(Data extract)

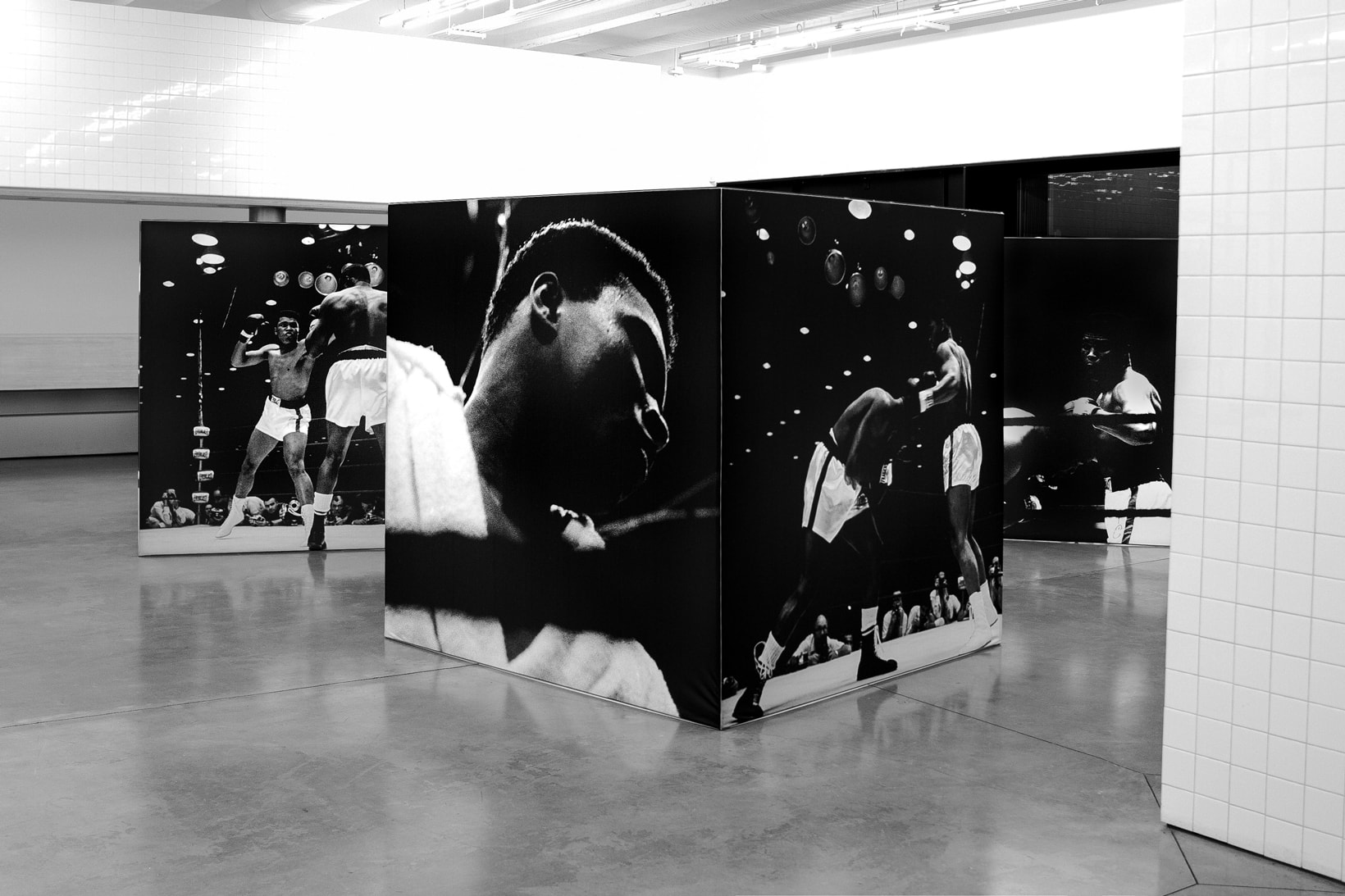 reigning champ muhammad ali la brea installation photography artworks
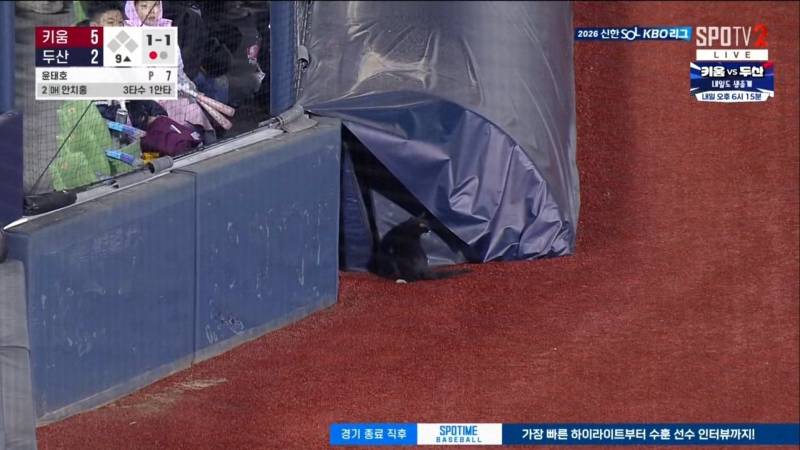 [잡담] 잠실고양이 | 인스티즈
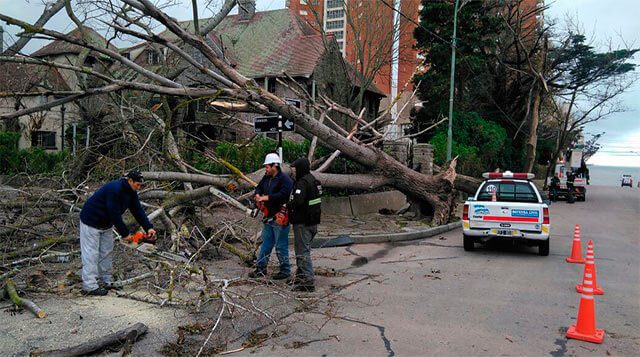 Dos familias fueron evacuadas y varios árboles caídos por el temporal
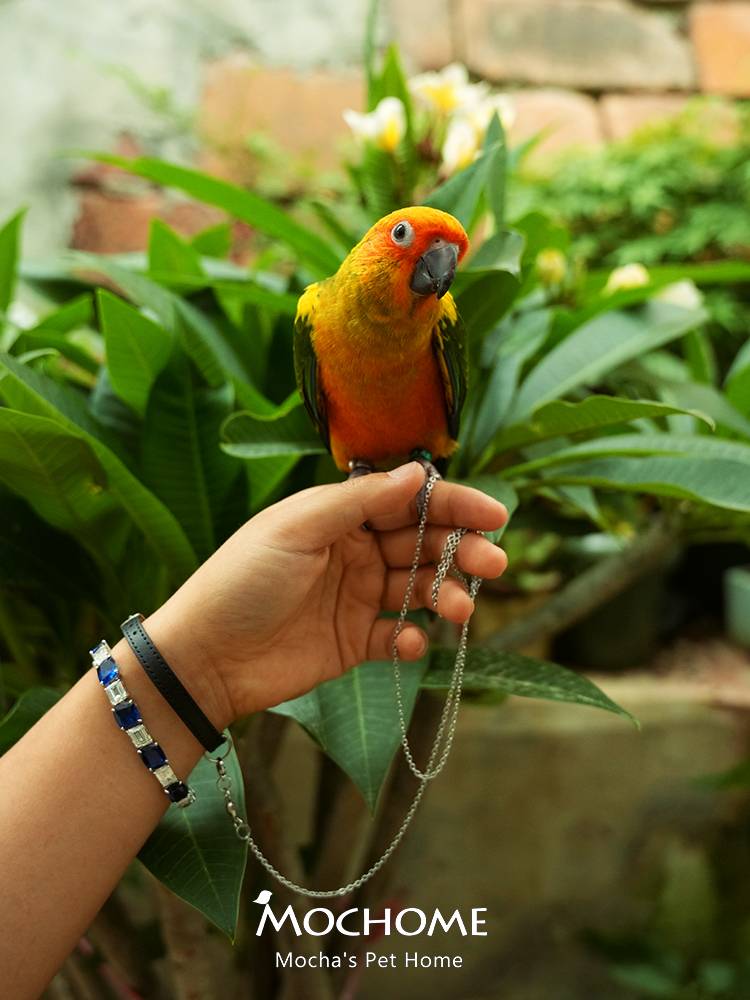Leather bracelet stainless steel traction chain parrot stainless steel ankle chain Put fly rope Xuanfeng tiger leather ultra -light athlete foot ring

(End Data extract)

→ **Exercise aim**
Your copy must begin at the line containing "[잡담] 잠실고양이 | 인스티즈" and end at the last line of the material above. Reproduce each line exactly, but not the pictures.

→ **Task output**
 [잡담] 잠실고양이 | 인스티즈
 Dos familias fueron evacuadas y varios árboles caídos por el temporal
Leather bracelet stainless steel traction chain parrot stainless steel ankle chain Put fly rope Xuanfeng tiger leather ultra -light athlete foot ring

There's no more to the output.